El problema, una vez más en esta reclusión, lo tienen los niños. Son ellos quienes tienen que padecer los desvaríos estéticos de sus progenitores. Sin tener culpa de nada y sin entender por qué no pueden salir de casa, para colmo los pequeños asisten con estupor a las modificaciones en la fisonomía de sus mayores. Es, por ejemplo, lo que le empieza a ocurrir a mi pequeño, que a veces me mira extrañado, señala mi boceto de barba y dice "pincha".
Peor todavía es cuando los propios hijos sufren en sus carnes (en sus cabellos, mejor dicho) las ganas de experimentar de sus padres, aunque justo es decir que esto ya acontecía antes del enclaustre.

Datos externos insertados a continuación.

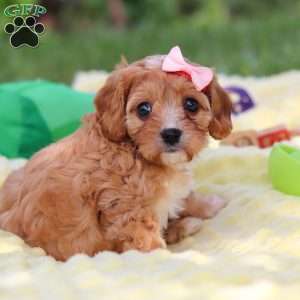 Lucy, Cavapoo Puppy
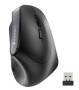 Cherry MW 4500 Wireless 45 Degree Mouse - Black - USB - Right-hand - Vertical design - Optical - RF Wireless - 1200 DPI - Black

Quiero decir que mi amigo el del bigote solo tiene que rendir cuentas ante su espejo -espejo que cualquier día va a cobrar vida para gritarle ¡quítate eso ya!-, pero los padres tenemos una responsabilidad directa en los traumas venideros de nuestros pequeños. Claro que ese va a ser el menor de los problemas de los niños, grandes olvidados de este estado de alarma.
Lo de cambiarse el aspecto, en suma, es una maravilla porque al menos ejercitamos nuestra libertad secuestrada. Además, con algo hay que entretenerse. Cuando abandonemos esta distorsión y regresemos a la normalidad -si es que esta palabra tiene ya algún sentido-, seguramente volveremos al redil estético previo. Podremos pensar que, en medio de tanta restricción y tanto drama, fuimos capaces de reírnos un poco de nosotros mismos. O sea, que nos quiten lo bailao.